# What this task involves
The expected output is the full data, repeated exactly, without pictures.

# Input data
□ □ □

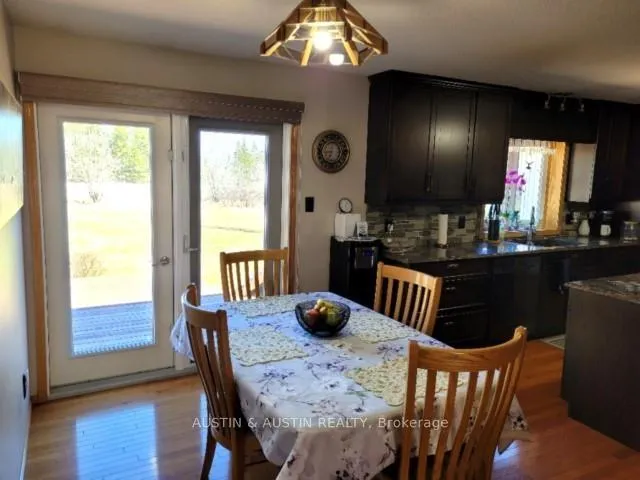 Photo 12 of 2 Lakeview Road, Dryden, Thunder Lake — HOMEH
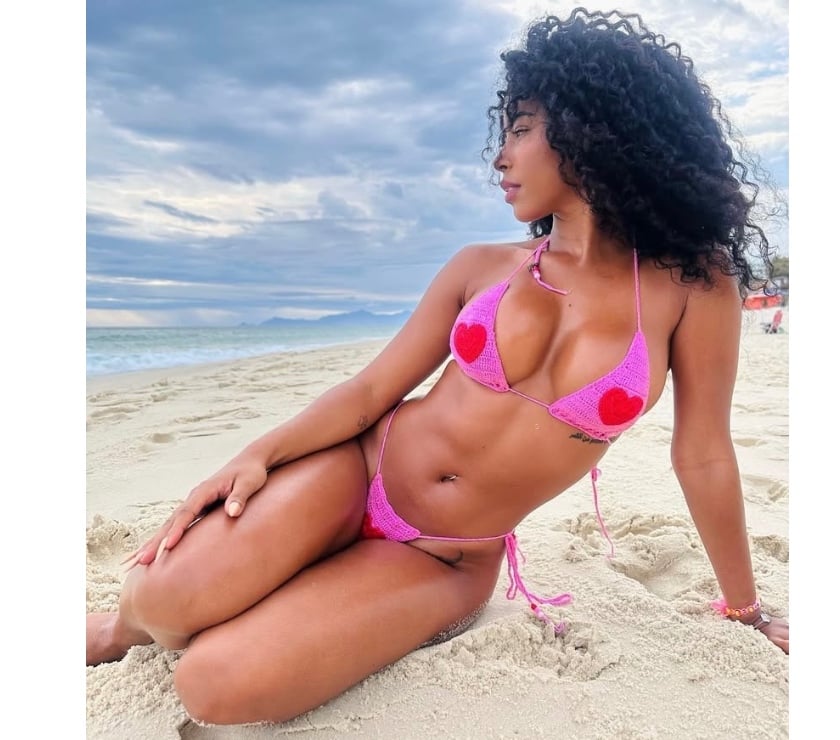 Escorts Essex Colchester - Photos for TAIS 🔞SWEET AND INNOCENT🫠 DEVIL 😈❤️‍🔥💦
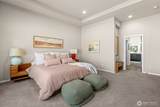4540 Castleton Road - Photo 18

□ □ □

# Your solution
 Photo 12 of 2 Lakeview Road, Dryden, Thunder Lake — HOMEH
 Escorts Essex Colchester - Photos for TAIS 🔞SWEET AND INNOCENT🫠 DEVIL 😈❤️‍🔥💦
4540 Castleton Road - Photo 18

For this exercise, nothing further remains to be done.